External sources may exist, but his/her motivation mainly emanates from own satisfaction, values and needs. Consequently he/she is a “self-starter”.

* His/her thinking will be innovative and original. He/she will approach the possible solutions to problems constructively and as challenges and when he/she comes into conflict with others, he/she will mainly deal with it in a co-operative way (win/win). He/she will focus on the problem and its solution and not on the person, cause or result of the problem. When he/she fulfils a managerial function, his/her style will be sharply focused on “transformational”, in contrast to “transactional”, aspects. This implies that he/she will have a vision for the future, will know where he/she wants to take his/her organization, department or team and will know how to get them to identify with his/her vision and to get them to identify with it. He/she will, however, deal with the day-to-day operational aspects, but would rather delegate them and take charge of the matters that are important for leading his/her group from point A to point B in a visible way.

It is generally known that the skill to facilitate is probably the most important expertise that a successful value manager has. Although facilitation has not been included independently in the list of 65 generic skills, it is clear that the ability to facilitate is inextricable interwoven with all ten the identified key skills of the value manager.

Competency profile

To answer the question of how quantity surveyors in South Africa, New Zealand, Australia and Sri Lanka match the ideal profile of a value manager and how they compare, the following investigations were undertaken (Visser,1998) :

1. By using the measurement section of the PIB, the identified key skills were subjected to diagnostic evaluation. The PIB is available at various levels of complexity to provide for the widest possible spectrum of scholastic and cultural diversity.

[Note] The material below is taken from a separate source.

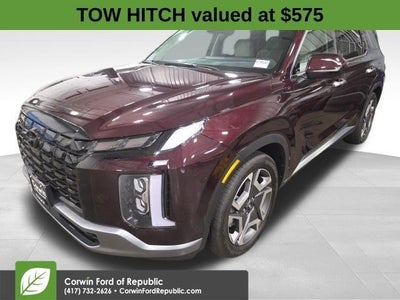 Photo of a 2024 Hyundai Palisade AWD Limited 4DR SUV for sale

For the purposes of this investigation the advanced PIB and the extended PIB were used.

Because the ten identified key skills are probably unique to the individual concerned and not related to geographical region, and for practical reasons, only quantity surveyors in the Pretoria area in South Africa, Auckland in New Zealand, Sydney in Australia and Colombo in Sri Lanka were invited to participate in the empirical testing. The result of this investigation should therefore not differ to a statistically significant extent from the results that would have been obtained from a random sample of quantity surveyors drawn from a countrywide population.

The composition of the quantity surveyors which accepted the invitation to be tested in each country were as follows:

The members of the selected panels were furthermore evenly spread in level of experience, ranging between twenty-four and sixty years of age. The tests were taken on a specific day in one venue in each country. The results were analysed to determine whether the “average” quantity surveyor in each country could offer value management as a professional service and by doing so, identify the difference in the competency profile of the “average” quantity surveyor in the different countries (cf. table 1).

2. The members of the selected panel of quantity surveyors, who participated in the skills tests, were also requested to complete a questionnaire which contained a brief definition of each of the ten identified key skills. The instruction was firstly, to determine whether they consider themselves less so or more so than the “average” quantity surveyor and then decide whether they are slightly, significantly or much less or more so. The purpose thereof was to determine the perception that quantity surveyors have of the level of their skills in respect of the ten key skills of a value manager (cf. table 2).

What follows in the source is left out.